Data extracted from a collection
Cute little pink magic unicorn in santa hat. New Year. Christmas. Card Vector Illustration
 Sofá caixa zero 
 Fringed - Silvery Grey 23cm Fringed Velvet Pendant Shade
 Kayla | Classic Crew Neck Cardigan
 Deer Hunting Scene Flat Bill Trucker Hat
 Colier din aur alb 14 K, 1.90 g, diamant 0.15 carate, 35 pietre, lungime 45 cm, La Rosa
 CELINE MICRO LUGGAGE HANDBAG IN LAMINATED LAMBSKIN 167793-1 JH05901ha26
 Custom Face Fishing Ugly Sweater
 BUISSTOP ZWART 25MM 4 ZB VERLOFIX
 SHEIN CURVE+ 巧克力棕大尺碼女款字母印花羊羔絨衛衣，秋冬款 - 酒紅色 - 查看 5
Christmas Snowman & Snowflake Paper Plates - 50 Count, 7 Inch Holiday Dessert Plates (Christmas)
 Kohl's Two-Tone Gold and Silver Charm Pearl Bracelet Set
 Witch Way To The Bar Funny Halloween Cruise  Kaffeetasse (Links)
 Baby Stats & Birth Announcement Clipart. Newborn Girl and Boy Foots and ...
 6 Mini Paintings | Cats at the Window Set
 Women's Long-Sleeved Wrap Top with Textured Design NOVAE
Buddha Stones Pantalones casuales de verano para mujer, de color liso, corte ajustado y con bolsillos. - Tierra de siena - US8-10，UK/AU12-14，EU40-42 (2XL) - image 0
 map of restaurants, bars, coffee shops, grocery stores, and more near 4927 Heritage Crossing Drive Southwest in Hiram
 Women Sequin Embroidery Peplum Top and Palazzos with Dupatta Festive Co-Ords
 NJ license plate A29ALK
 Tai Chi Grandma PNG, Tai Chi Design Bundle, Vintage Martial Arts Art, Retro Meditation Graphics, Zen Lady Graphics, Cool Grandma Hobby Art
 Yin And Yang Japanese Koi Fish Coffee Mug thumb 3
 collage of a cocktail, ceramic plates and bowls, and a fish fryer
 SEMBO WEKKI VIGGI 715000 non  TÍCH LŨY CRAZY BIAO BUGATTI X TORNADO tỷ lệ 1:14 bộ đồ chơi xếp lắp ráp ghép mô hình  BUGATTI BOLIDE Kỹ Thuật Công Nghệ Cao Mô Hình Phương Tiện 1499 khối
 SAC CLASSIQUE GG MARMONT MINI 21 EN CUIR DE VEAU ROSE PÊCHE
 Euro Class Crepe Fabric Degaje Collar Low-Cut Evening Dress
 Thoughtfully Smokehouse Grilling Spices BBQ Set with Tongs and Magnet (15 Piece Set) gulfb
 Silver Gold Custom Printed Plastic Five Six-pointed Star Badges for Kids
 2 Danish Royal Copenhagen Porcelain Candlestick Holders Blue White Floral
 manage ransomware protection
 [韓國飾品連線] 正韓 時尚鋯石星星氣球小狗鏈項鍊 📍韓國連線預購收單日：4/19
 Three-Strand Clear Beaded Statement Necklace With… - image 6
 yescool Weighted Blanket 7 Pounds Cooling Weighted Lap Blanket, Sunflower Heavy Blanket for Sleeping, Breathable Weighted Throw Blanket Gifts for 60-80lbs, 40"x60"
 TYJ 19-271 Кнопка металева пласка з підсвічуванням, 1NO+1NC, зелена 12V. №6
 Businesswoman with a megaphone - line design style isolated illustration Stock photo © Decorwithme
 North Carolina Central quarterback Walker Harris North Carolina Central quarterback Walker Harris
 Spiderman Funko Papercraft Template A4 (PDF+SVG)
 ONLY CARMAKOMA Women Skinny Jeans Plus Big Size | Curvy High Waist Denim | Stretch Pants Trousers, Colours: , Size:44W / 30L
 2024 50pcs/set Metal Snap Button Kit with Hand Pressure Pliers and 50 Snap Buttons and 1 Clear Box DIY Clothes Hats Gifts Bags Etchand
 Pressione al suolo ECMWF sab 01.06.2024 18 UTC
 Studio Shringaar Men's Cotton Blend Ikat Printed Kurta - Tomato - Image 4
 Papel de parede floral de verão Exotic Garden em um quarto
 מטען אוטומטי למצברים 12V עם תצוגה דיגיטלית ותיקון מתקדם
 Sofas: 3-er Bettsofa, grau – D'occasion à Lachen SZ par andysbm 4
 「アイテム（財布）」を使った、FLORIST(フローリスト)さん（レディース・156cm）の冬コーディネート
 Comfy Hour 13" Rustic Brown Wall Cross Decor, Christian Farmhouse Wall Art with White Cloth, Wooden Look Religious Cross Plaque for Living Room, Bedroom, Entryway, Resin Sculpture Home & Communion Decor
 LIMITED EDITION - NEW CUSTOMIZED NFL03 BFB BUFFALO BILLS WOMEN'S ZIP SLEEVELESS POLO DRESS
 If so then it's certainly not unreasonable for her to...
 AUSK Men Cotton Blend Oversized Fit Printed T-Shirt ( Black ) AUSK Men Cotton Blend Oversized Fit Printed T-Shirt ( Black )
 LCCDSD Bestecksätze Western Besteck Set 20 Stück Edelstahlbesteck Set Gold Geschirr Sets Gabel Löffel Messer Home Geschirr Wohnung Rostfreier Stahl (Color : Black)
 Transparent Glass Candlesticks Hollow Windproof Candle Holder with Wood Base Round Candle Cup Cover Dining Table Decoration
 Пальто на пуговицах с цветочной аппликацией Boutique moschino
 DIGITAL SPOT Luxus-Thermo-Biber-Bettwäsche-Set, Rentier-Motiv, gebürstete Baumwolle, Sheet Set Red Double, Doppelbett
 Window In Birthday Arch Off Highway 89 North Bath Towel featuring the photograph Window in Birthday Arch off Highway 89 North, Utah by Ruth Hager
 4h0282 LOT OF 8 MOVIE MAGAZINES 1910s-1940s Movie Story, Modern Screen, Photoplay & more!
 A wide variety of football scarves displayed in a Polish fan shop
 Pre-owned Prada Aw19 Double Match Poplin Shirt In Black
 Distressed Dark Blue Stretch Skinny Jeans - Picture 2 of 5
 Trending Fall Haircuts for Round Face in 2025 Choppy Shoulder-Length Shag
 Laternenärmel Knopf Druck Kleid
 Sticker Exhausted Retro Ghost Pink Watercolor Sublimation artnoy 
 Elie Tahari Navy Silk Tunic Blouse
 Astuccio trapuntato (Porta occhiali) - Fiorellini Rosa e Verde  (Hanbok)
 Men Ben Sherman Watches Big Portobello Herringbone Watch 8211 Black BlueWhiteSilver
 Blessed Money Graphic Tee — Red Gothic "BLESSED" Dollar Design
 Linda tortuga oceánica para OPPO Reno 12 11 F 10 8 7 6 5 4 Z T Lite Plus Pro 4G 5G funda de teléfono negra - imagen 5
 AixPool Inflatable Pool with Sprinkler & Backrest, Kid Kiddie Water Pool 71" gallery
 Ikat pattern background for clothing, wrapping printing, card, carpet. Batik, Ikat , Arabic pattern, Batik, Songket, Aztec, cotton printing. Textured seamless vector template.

ASSIGNED TASK
Retype the entries above exactly, but only from the line containing "Witch Way To" through the line containing "Three-Strand Clear Beaded", both included.

YOUR RESPONSE
 Witch Way To The Bar Funny Halloween Cruise  Kaffeetasse (Links)
 Baby Stats & Birth Announcement Clipart. Newborn Girl and Boy Foots and ...
 6 Mini Paintings | Cats at the Window Set
 Women's Long-Sleeved Wrap Top with Textured Design NOVAE
Buddha Stones Pantalones casuales de verano para mujer, de color liso, corte ajustado y con bolsillos. - Tierra de siena - US8-10，UK/AU12-14，EU40-42 (2XL) - image 0
 map of restaurants, bars, coffee shops, grocery stores, and more near 4927 Heritage Crossing Drive Southwest in Hiram
 Women Sequin Embroidery Peplum Top and Palazzos with Dupatta Festive Co-Ords
 NJ license plate A29ALK
 Tai Chi Grandma PNG, Tai Chi Design Bundle, Vintage Martial Arts Art, Retro Meditation Graphics, Zen Lady Graphics, Cool Grandma Hobby Art
 Yin And Yang Japanese Koi Fish Coffee Mug thumb 3
 collage of a cocktail, ceramic plates and bowls, and a fish fryer
 SEMBO WEKKI VIGGI 715000 non  TÍCH LŨY CRAZY BIAO BUGATTI X TORNADO tỷ lệ 1:14 bộ đồ chơi xếp lắp ráp ghép mô hình  BUGATTI BOLIDE Kỹ Thuật Công Nghệ Cao Mô Hình Phương Tiện 1499 khối
 SAC CLASSIQUE GG MARMONT MINI 21 EN CUIR DE VEAU ROSE PÊCHE
 Euro Class Crepe Fabric Degaje Collar Low-Cut Evening Dress
 Thoughtfully Smokehouse Grilling Spices BBQ Set with Tongs and Magnet (15 Piece Set) gulfb
 Silver Gold Custom Printed Plastic Five Six-pointed Star Badges for Kids
 2 Danish Royal Copenhagen Porcelain Candlestick Holders Blue White Floral
 manage ransomware protection
 [韓國飾品連線] 正韓 時尚鋯石星星氣球小狗鏈項鍊 📍韓國連線預購收單日：4/19
 Three-Strand Clear Beaded Statement Necklace With… - image 6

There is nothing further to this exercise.